On the one hand, you didn't know what you were doing and probably took the substance improperly, but on the other hand, you felt the need to hide the fact that you were taking it from everyone.
Huh?
If it was true when you said, "All these years, I never thought I did anything that was wrong," then why hide it?
I'll tell you why, and you sort of touched on this in the last part of your press conference—you hid it because you knew it was not right. You don't have to be college-educated to know that you should have taken this substance to one of your handlers before playing pin cushion with your "cousin" for three years.
Furthermore, how many years did it take for you to stop being "ignorant" as you say? Was it before or after you left Texas?
At some point, perhaps after Giambi, Clemens, Pettite, Palmeiro, Bonds or Sosa were called out, you had to say to yourself, "Oh man, will I be next?". Did that scare you straight?
No, wait, it was the neck injury that did it. My bad. It had nothing to do with the fact that MLB instituted a policy that would have likely made what you were doing illegal in the face of your professional career. That was just a coincidence that the policy coincided with your decision to stop.
I realize that there are lots of people out there who will say that Rodriguez was damned either way. Had he said nothing, public perception would be that he's still trying to hide something. Yet, his coming out just made him look like a bigger liar.
What's a guy to do?
They may be right. This is really a no-win situation for Rodriguez. He is to be commended a little bit for coming out and further explaining the situation, but he has to know that all this has done is bring about more questions and add to the legions of doubters who already question his abilities as a baseball player.

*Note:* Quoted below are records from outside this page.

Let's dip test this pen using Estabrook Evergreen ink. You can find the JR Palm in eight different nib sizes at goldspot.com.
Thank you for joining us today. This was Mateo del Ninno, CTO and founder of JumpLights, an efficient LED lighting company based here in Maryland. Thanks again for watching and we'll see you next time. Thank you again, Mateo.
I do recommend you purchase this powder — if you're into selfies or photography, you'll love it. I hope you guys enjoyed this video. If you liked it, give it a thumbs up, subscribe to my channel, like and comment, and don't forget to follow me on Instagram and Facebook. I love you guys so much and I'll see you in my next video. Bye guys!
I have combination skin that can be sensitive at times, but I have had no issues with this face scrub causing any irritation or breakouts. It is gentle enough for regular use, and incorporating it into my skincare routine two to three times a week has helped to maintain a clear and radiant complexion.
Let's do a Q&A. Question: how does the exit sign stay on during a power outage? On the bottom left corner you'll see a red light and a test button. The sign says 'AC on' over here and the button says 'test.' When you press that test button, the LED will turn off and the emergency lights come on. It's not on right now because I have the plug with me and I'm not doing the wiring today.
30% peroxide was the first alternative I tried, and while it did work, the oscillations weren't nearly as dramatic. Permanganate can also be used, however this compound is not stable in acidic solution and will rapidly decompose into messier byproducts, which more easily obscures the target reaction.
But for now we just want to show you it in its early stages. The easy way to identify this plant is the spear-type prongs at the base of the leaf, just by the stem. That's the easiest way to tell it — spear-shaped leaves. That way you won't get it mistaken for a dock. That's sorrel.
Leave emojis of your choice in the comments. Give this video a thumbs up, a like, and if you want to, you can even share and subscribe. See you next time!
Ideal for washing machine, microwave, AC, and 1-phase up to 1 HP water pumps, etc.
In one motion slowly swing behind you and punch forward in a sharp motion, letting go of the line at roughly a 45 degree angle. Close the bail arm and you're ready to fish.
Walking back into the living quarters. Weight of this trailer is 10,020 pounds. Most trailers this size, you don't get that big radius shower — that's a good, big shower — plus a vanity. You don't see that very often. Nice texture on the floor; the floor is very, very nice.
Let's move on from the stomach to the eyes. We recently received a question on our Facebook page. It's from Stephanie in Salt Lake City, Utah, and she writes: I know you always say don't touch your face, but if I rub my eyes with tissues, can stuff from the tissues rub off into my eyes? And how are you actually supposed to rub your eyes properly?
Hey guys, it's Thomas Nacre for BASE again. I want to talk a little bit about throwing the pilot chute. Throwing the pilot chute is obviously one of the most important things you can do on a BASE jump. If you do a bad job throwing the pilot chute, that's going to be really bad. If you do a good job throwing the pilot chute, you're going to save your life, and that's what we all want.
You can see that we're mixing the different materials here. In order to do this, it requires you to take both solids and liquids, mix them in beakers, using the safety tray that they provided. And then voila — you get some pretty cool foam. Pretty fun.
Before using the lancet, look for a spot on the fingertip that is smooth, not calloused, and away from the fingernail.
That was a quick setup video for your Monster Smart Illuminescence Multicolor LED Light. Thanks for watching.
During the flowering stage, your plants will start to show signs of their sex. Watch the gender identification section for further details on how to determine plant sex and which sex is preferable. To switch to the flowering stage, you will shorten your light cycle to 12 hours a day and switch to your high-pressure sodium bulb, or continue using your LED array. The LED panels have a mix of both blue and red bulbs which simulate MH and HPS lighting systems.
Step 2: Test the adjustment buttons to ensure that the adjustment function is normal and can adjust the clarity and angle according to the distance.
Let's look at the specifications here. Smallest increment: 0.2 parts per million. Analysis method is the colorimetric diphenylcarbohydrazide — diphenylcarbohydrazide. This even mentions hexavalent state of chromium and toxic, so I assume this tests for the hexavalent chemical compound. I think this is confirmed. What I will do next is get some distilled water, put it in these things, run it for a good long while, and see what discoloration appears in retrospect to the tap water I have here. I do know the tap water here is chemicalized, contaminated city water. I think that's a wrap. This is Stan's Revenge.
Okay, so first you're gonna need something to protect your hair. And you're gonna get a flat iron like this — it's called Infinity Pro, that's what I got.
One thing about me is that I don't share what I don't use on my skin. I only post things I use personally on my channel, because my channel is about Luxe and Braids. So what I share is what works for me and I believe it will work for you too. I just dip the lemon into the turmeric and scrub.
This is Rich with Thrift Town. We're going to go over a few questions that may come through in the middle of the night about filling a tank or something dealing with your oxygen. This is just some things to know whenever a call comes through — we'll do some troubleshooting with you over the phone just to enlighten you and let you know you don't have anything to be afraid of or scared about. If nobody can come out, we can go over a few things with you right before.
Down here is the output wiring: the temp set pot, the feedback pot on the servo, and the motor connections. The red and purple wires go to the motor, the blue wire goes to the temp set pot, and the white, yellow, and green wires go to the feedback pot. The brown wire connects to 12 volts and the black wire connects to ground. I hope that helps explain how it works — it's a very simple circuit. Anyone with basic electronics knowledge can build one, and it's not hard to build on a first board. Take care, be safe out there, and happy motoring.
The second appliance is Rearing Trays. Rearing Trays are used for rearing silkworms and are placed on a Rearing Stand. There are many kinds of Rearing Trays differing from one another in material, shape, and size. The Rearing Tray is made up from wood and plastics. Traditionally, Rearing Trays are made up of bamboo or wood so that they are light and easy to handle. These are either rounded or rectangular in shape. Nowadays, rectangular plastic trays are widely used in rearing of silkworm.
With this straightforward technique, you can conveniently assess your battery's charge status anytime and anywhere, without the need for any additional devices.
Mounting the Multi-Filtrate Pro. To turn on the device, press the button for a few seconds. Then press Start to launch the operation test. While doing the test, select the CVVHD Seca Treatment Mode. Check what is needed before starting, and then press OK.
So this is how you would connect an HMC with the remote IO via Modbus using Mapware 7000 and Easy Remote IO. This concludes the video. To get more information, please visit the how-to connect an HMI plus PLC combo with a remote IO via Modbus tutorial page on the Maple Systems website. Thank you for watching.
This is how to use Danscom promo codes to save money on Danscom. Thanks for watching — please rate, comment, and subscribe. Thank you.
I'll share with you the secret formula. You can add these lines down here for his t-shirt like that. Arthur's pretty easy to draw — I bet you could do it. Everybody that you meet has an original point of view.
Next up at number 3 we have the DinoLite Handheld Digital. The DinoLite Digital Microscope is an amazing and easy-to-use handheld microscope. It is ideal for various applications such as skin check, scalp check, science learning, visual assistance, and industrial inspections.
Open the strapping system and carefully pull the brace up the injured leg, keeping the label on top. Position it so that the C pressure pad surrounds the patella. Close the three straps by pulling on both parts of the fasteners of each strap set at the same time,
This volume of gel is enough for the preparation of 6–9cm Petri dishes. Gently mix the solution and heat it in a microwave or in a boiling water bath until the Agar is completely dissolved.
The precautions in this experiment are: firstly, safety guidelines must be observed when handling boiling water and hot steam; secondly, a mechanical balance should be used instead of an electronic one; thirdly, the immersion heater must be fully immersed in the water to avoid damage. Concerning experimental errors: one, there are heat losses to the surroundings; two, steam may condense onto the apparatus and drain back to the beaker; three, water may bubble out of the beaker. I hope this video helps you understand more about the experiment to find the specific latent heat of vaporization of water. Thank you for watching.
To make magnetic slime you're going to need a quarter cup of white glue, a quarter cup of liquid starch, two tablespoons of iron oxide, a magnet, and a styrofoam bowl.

I, for one, already had my opinion of A-Rod. This changes absolutely nothing. I do not believe that what he has accomplished as a player will be tarnished by anything he has done in prior seasons. I reiterate a point I've made prior to this article by saying that I don't know that PED's have that much of an effect on a players abilities to hit, run or field.
If anything, it increases their longevity in the game and makes recovery time much shorter.
That said, an advantage does exist, albeit a small one. That's my very uninformed opinion based on what I have read and heard about PED's as it pertains to the baseball player.
In the end though, what Alex Rodriguez has done is attempt to trivialize a very serious thing. It is for that reason that I find his approach to this issue less than honorable. He hid it and would have continued to hide it had he not gotten caught. Plain and simple.
He wasn't too young or too stupid to know that what he was doing was wrong. He knew it and he lied about it; he was covering his own backside.
That, my dear Alex, does not require a college degree.